Wednesday, 22 July 2009

Afterlife Genderswapping

More from Thomas's book, this time on the resurrection of the dead. Thomas notes 17th-century speculation on the state of the human body after the resurrection of the dead, that ‘there would be no cripples in heaven, no blind persons, no sufferers from chronic disease. Some even believed that women would be reborn as men, that black people would become white, and that everyone would be in their early thirties (Christ’s age at the time of his death). Many centuries of Christian commentary underpinned these expectations.’ Eamon Duffy, reviewing the book in the LRB [23rd July 2009], notes that though some of these views were part of a centuries-long mainstream Christian thought, others were the oddities of sects: ‘the quasi-Gnostic view that women would be raised as men had been explicitly denied by Augustine, [and] was incompatible with the cult of the Virgin Mary … [those] who held this curious belief in early modern England belonged to the Muggletonians, a tiny, eccentric and emphatically heterodox sect.’

But it’s a striking imaginative fiction, for all that.
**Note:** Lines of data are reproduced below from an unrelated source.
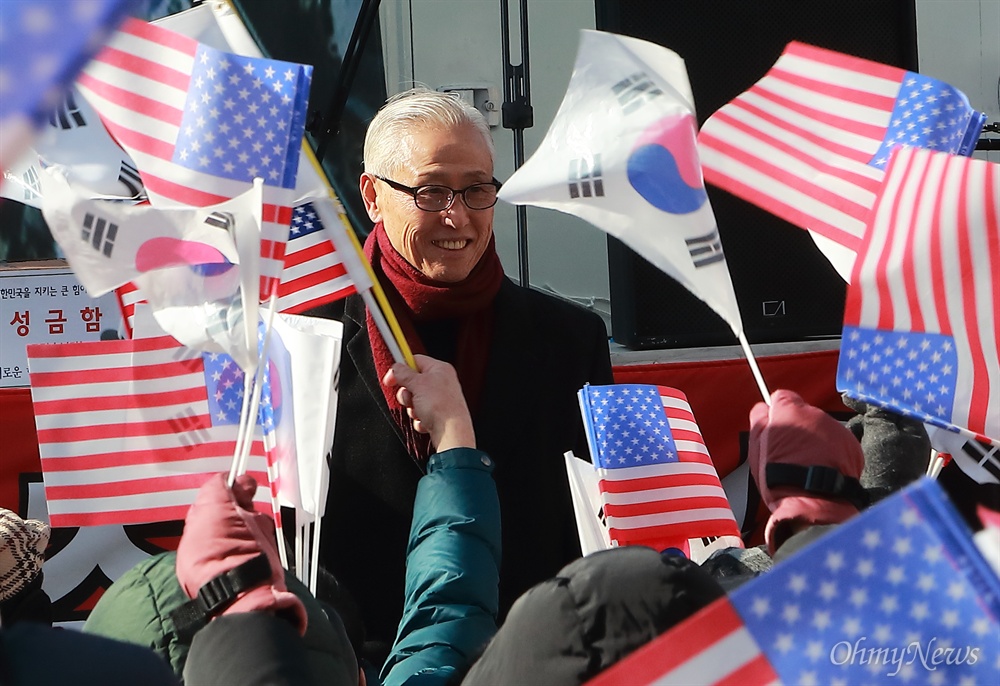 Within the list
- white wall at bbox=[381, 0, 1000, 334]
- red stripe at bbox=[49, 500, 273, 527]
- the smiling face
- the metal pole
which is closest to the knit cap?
red stripe at bbox=[49, 500, 273, 527]

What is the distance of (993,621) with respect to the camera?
0.81 m

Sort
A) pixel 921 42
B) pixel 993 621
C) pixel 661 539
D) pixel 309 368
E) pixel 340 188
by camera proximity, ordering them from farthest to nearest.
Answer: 1. pixel 921 42
2. pixel 340 188
3. pixel 661 539
4. pixel 309 368
5. pixel 993 621

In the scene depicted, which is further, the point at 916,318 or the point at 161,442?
the point at 161,442

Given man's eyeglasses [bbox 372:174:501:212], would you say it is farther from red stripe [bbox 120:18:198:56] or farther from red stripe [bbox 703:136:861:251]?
red stripe [bbox 120:18:198:56]

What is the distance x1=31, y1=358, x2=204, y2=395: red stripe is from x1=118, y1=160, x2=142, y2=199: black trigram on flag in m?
0.32

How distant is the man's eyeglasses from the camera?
2264mm

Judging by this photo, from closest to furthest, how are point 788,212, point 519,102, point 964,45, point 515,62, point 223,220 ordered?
1. point 223,220
2. point 788,212
3. point 519,102
4. point 515,62
5. point 964,45

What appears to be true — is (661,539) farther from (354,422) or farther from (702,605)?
(702,605)

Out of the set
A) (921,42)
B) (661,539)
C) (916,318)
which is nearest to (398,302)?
(661,539)

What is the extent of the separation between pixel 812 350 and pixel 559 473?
192 cm

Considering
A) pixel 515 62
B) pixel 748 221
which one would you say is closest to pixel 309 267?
pixel 748 221

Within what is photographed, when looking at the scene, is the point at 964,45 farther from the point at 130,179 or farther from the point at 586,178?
the point at 130,179

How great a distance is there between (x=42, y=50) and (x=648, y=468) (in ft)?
5.52

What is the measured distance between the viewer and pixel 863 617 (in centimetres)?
85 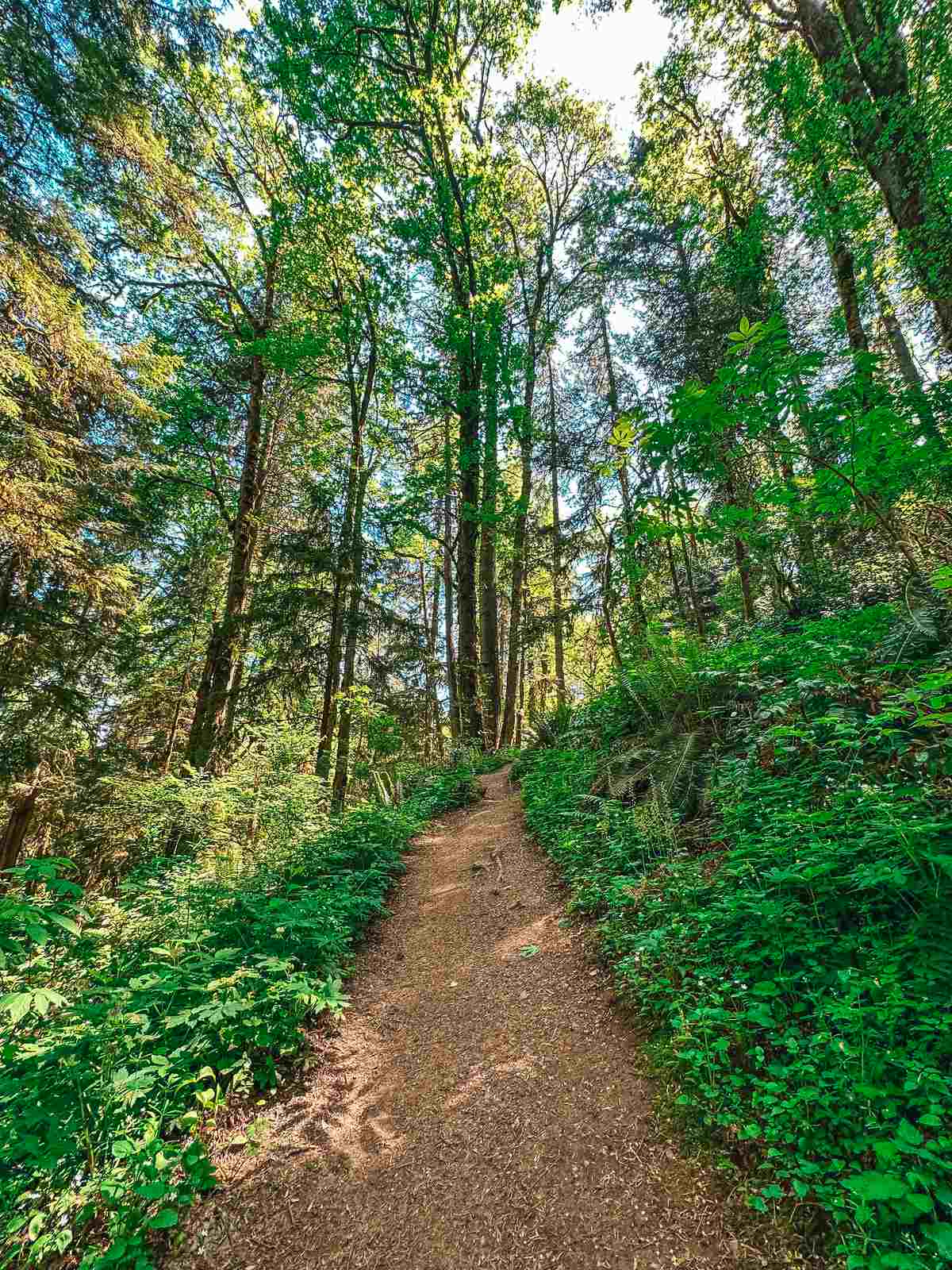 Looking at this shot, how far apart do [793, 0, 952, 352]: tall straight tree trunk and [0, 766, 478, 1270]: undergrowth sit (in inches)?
334

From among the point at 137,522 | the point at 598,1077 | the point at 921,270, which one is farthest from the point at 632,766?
the point at 137,522

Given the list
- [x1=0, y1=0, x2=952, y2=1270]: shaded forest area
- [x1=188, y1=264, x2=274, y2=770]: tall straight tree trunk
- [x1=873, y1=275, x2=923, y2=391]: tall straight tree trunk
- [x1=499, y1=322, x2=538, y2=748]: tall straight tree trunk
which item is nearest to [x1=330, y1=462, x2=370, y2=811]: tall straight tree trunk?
[x1=0, y1=0, x2=952, y2=1270]: shaded forest area

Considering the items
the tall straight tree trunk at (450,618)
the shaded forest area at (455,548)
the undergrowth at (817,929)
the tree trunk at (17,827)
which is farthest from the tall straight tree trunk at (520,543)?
the tree trunk at (17,827)

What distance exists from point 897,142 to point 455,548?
11584 millimetres

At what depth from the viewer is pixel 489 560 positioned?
13.9m

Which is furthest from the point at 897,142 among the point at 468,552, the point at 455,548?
the point at 455,548

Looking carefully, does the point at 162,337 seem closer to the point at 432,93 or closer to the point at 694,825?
the point at 432,93

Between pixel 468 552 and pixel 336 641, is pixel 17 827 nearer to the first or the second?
pixel 336 641

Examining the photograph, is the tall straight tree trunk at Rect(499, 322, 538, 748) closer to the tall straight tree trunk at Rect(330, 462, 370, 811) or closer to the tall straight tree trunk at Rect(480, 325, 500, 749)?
the tall straight tree trunk at Rect(480, 325, 500, 749)

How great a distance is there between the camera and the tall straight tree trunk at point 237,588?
30.0ft

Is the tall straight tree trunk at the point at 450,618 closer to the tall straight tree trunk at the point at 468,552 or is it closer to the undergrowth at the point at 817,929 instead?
the tall straight tree trunk at the point at 468,552

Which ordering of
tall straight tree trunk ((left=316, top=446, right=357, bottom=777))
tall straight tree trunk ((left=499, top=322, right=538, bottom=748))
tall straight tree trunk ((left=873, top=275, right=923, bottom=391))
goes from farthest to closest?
tall straight tree trunk ((left=499, top=322, right=538, bottom=748))
tall straight tree trunk ((left=316, top=446, right=357, bottom=777))
tall straight tree trunk ((left=873, top=275, right=923, bottom=391))

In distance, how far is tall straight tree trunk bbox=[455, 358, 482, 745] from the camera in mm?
11844

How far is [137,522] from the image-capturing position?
7.88 metres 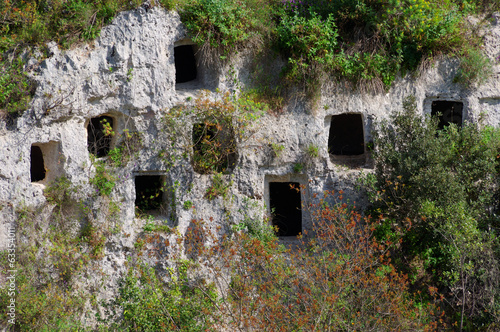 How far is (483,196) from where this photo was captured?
1085cm

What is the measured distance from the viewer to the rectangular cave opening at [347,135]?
13594mm

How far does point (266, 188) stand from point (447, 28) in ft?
16.9

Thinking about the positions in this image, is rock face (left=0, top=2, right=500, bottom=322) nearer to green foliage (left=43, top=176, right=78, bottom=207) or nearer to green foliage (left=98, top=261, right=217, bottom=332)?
green foliage (left=43, top=176, right=78, bottom=207)

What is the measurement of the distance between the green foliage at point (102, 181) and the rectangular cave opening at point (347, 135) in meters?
5.60

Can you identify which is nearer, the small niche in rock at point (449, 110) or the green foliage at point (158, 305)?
the green foliage at point (158, 305)

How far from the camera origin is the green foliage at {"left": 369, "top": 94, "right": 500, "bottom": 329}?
1023 centimetres

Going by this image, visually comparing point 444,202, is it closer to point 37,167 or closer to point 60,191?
point 60,191

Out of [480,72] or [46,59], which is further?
[480,72]

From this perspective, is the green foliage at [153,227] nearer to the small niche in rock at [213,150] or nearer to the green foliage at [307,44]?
the small niche in rock at [213,150]

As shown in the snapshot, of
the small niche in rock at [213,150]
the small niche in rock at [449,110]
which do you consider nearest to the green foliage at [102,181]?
the small niche in rock at [213,150]

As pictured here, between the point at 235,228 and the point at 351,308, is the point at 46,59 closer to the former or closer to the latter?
the point at 235,228

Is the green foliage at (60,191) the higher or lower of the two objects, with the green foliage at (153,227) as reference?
higher

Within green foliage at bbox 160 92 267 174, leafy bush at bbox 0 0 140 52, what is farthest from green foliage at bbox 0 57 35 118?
green foliage at bbox 160 92 267 174

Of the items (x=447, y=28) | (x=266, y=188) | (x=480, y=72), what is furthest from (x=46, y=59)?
(x=480, y=72) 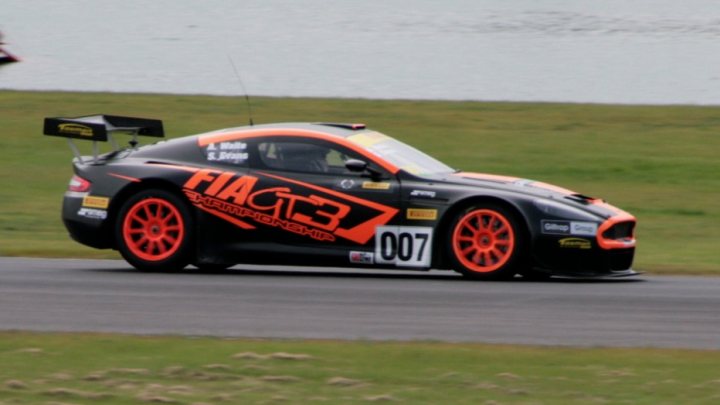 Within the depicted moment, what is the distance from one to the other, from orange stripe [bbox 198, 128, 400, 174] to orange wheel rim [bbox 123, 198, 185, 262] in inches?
25.8

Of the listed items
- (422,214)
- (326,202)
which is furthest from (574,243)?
(326,202)

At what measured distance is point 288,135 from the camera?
11281mm

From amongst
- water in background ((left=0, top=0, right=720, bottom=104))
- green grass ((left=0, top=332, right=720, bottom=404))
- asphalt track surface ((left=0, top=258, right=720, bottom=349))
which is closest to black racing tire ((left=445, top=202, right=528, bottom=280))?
asphalt track surface ((left=0, top=258, right=720, bottom=349))

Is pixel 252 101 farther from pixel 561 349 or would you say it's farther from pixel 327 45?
pixel 561 349

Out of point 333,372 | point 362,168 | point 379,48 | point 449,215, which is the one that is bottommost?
point 333,372

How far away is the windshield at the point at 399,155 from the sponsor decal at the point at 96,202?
2080mm

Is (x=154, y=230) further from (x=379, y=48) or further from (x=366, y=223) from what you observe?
(x=379, y=48)

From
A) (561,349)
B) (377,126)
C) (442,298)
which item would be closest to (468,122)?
(377,126)

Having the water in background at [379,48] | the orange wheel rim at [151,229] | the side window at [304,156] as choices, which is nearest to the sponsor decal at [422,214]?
the side window at [304,156]

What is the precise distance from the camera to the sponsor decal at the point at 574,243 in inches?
417

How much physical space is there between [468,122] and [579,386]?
1754 centimetres

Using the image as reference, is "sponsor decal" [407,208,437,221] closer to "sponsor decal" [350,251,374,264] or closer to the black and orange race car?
the black and orange race car

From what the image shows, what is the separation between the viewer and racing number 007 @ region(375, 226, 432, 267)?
1077 centimetres

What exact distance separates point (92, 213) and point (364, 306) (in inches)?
123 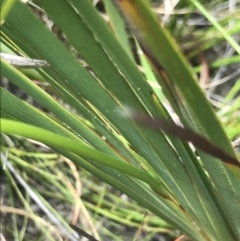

One day I’ll get around to writing a story set in this afterlife. So, for instance, what would it be like spending one’s life believing it? How would it inflect one’s perspective of desire? Would the heterosexual woman so reborn retain the orientation of their desire, thus filling heaven with queers? Or would God reach into their hearts and alter their desires—but if he could do that, swing the perspective of our sexual love from one gender to another, then wouldn’t it follow that sexual desire is itself moveable thing? One final possibility would be that men (of course I am talking about men) with this faith would, in their hearts, simply not believe that there is any such thing as a heterosexual woman. Like Proust, they would see women consenting to lie with men whilst dreaming of lying with women. But any of these options would carry with it the commendable—we might say—but surely un-seventeenth-century perspective on sexual orientation as something fluid, and the normalization of queerness.